É absolutamente essencial a atuação sem limites do governo para enfrentar a inflação da comida, pois, da sua eficácia, depende não apenas o crescimento sustentável da economia, mas, sobretudo, a viabilização do compromisso virtuoso do governo pela elevação do padrão de vida de todo o povo brasileiro. A segurança alimentar e nutricional é um dos grandes desafios em escala global.
Talvez, a compreensível e legítima pressa do governo por medidas para a recuperação da renda e do emprego não tenha sido acompanhada de ações, no porte exigido, para o restabelecimento do setor produtor de alimentos deteriorado após sete anos de desmontes nas políticas para a agricultura familiar e a reforma agrária.
Então, são necessárias, na atualidade, ações consistentes e substantivas para assegurar respostas de curto prazo na oferta alimentar, o que vem sendo feito mediante as ações dos planos safra, e para a esperada recuperação dos estoques públicos.
Porém, entendemos que devemos ir além. Especificamente para os produtos mais afetados pela expansão das principais commodities para exportação, como o arroz, feijão e mandioca, devam ser implementadas medidas com impacto estrutural no estímulo a essas culturas.
No geral, o mercado doméstico não tem atratividade que rivalize com o mercado externo no caso das commodities agrícolas, principalmente pelos efeitos de três variáveis: preços internacionais, câmbio e Lei Kandir.

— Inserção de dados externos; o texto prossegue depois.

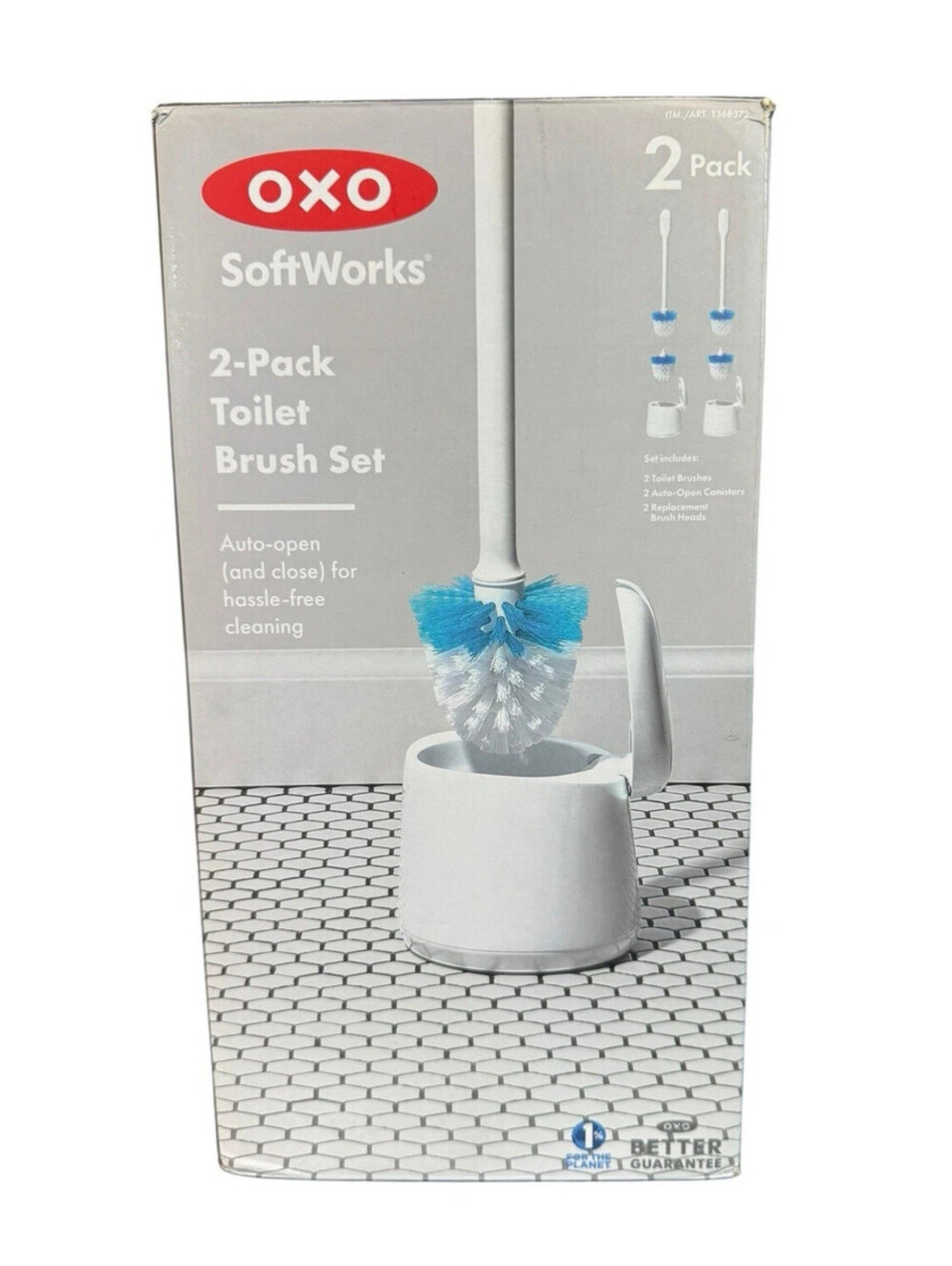 OXO Toilet Brush 2 Pack with Auto-Open Canisters NEW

Somente a desvalorização do Real no ano de 2024 chegou a cerca de 22%.
Por conta desse contexto, as três culturas em consideração, experimentam longa trajetória de erosão das respectivas áreas plantadas, deslocadas para produtos com fortes conteúdos exportadores.
Observe-se que, em 1995 as áreas plantadas com arroz, feijão e mandioca representavam 26% da área total com lavouras temporárias; em 2023 não passaram de 5.9%, no conjunto. Junto à enorme perda de área não houve ganhos de produtividade à altura.
Neste cenário, apresentamos projeto de Lei no Senado que, sem criar qualquer empecilho para o setor exportador, tende a ampliar o grau de atratividade do mercado interno desses alimentos. Em resumo, a proposição pretende agregar as variações do câmbio e dos preços internacionais aos custos de produção na definição dos preços mínimos desses três produtos.
Adicionalmente, a proposta incentiva a formação de estoques públicos desses alimentos o que nos parece absolutamente crucial nesses tempos atuais já de expectativas continuadas de fenômenos climáticos atípicos em intensidade e frequência. Esses produtos integram o núcleo da dieta básica da população e, juntamente com a sua ampla diversidade de subprodutos são definidores da história da culinária brasileira com efeitos importantes na nossa própria formação cultural.
Estamos convencidos que a proposta poderá ser de grande utilidade nos esforços do governo Lula no controle sustentável da inflação dos alimentos.